In response to one reviewer comment, I am computing a CSF estimate using the Marimont-Wandell OTF. Inspecting the resulting PSF, which is depicted in the left plot in the figure below, I noticed that there was a weird diagonal and blocky structure which looked like sort of an undersampling artifact. Digging though the code, I noticed that the M-W OTF is computed using a Nyquist frequency of only 60 c/deg, which is the default in humanOTF() if the argument fSupport is passed as an empty array, which it is by the calling function opticsCreate->opticsHuman.

I passed a custom fSupport that extends to 120 c/deg and I got the PSF depicted in the right plot, which is less blocky, and actually a bit narrower than the default PSF. I think we need to modify the code so that the default M-W OTF is computed up to 120 c/deg. Any objections?

maxF = 60 c/deg	maxF = 120 c/deg

And below are all the PSFs compared. A: Banks, B: Marimont-Wandell, C-G Thibos subjects.

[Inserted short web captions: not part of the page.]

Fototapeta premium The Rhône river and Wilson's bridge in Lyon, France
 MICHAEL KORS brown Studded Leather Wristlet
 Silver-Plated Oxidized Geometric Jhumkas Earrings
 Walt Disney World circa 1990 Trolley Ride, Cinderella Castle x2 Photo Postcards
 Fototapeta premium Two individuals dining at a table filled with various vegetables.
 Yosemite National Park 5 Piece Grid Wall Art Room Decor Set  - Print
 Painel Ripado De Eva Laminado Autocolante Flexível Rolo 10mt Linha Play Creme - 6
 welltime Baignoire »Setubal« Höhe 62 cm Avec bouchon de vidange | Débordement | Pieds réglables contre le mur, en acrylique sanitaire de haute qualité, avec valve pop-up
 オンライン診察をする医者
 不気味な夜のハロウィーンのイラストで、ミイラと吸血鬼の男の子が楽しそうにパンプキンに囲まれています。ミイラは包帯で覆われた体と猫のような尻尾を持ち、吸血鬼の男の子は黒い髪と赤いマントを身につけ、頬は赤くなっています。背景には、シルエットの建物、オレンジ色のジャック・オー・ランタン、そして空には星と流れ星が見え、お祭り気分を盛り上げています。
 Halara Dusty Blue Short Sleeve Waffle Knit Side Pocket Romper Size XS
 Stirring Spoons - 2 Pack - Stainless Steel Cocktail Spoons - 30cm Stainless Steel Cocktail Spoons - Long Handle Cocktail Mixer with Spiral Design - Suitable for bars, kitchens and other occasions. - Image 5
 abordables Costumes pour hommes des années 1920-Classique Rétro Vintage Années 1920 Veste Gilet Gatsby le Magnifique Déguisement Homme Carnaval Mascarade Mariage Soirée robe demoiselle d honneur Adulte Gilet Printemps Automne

Contours are always drawn at 5% intervals.

[npcottaris]

I introduced a flag legacyFrequencySupport in opticsCreate() -> opticsHuman(), which is set to true for backwards compatibility, in which case the M-W OTF is computed with a frequency support up to 60 c/deg. If set to ~true, we use a 120 c/deg frequency support and get the more localized PSF shown above.

[wandell]

Thanks - sorry for the delay. Your analysis seems very good. I will think tonight and tomorrow. The 60 cpd limit was mostly because back in the day the size (31 wavelengths and all those samples) was slow. (Today was our Annual Symposium and kind of a big deal.)

[npcottaris]

Yes, I figured that must have been the reason. By the way, we have a similar issue with wvf-based OTFs. There, the default number of spatial samples is too low. I think 101. In our CSF simulations I am using something like 261 samples which results in a frequency resolution of 1 c/deg, and a significantly better sampled OTF.

[DavidBrainard]

There is a deeper question here, which is what is the right principle for defaults. Should we aim for something that is first order right and runs fast, or something that we'd use in a careful calculation? I am fine with upping the resolution as long as it doesn't bring any of our tutorials and validations to a grinding halt. We might try to write down our stance on this and make it clear somewhere on the wiki or in a tutorial where we show how to adjust.

[npcottaris]

Compared to the time it takes to generate a single CSF curve this is a drop in the ocean. And for the paper, even if this might end up is a reviewer figure, I think we need the best accuracy since the effects of different PSFs are at the highest SFs were the signal is weakest. But even for the 3 tutorials affected by this change, their execution time is not brought to a halt.

In general, as you may have noticed, I always opt for quality vs speed. This is especially so since we are trying to get the details right as opposed to other approximate approaches.

But to address your point, this issue is something that we will run to continuously and therefore we should probably address it via a preferences option (which is accessible by all functions no matter how nested they are), something like ‘computeApproach’ with 2 valid values : ‘optimizeForSpeed’ and ‘optimizeForAccuracy’

[DavidBrainard]

Closing this issue because I think we have done something.